── Exercise materials

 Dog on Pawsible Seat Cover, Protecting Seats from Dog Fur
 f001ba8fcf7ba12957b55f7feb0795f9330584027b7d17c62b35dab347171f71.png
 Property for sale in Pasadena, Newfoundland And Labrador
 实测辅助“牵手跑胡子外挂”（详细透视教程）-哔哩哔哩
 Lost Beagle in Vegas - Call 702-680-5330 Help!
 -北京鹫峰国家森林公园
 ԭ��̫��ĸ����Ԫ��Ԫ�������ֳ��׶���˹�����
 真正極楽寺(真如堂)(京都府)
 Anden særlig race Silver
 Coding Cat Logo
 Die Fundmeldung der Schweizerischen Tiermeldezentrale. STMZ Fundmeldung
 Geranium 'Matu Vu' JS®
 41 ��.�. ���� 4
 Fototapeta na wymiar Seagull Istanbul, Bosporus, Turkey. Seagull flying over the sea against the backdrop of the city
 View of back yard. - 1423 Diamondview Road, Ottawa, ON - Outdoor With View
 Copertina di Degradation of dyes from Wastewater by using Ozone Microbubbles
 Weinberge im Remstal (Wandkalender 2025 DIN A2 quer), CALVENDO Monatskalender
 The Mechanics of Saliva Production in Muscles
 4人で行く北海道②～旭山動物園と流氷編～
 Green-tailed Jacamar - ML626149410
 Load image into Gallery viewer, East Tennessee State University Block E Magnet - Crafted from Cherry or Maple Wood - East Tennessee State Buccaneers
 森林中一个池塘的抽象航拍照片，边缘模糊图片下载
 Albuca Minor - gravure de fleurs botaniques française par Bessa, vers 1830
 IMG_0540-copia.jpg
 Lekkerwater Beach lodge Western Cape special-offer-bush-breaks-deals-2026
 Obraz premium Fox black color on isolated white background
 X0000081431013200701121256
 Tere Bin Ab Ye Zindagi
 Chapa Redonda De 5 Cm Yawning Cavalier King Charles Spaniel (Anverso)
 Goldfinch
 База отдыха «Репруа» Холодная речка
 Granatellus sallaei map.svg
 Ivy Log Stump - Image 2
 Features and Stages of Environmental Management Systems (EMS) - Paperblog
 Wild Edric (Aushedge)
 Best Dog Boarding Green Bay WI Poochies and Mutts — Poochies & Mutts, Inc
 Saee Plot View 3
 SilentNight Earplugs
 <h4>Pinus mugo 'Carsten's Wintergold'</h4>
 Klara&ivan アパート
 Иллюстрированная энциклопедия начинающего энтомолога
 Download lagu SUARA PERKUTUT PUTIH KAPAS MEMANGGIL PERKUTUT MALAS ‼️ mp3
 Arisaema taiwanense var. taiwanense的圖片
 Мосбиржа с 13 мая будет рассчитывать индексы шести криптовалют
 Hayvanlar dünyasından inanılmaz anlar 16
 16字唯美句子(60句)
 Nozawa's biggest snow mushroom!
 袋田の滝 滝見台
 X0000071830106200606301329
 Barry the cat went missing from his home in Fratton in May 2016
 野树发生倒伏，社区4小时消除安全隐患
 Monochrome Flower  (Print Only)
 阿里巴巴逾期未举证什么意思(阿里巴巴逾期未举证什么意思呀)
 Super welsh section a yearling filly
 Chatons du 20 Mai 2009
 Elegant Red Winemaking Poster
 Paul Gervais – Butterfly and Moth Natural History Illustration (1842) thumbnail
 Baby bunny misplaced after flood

────

## Work order
Scan the lines above for "Saee Plot View 3" and for "Hayvanlar dünyasından inanılmaz anlar 16". Repeat exactly the line holding each of them and every line in between.

## Written solution
 Saee Plot View 3
 SilentNight Earplugs
 <h4>Pinus mugo 'Carsten's Wintergold'</h4>
 Klara&ivan アパート
 Иллюстрированная энциклопедия начинающего энтомолога
 Download lagu SUARA PERKUTUT PUTIH KAPAS MEMANGGIL PERKUTUT MALAS ‼️ mp3
 Arisaema taiwanense var. taiwanense的圖片
 Мосбиржа с 13 мая будет рассчитывать индексы шести криптовалют
 Hayvanlar dünyasından inanılmaz anlar 16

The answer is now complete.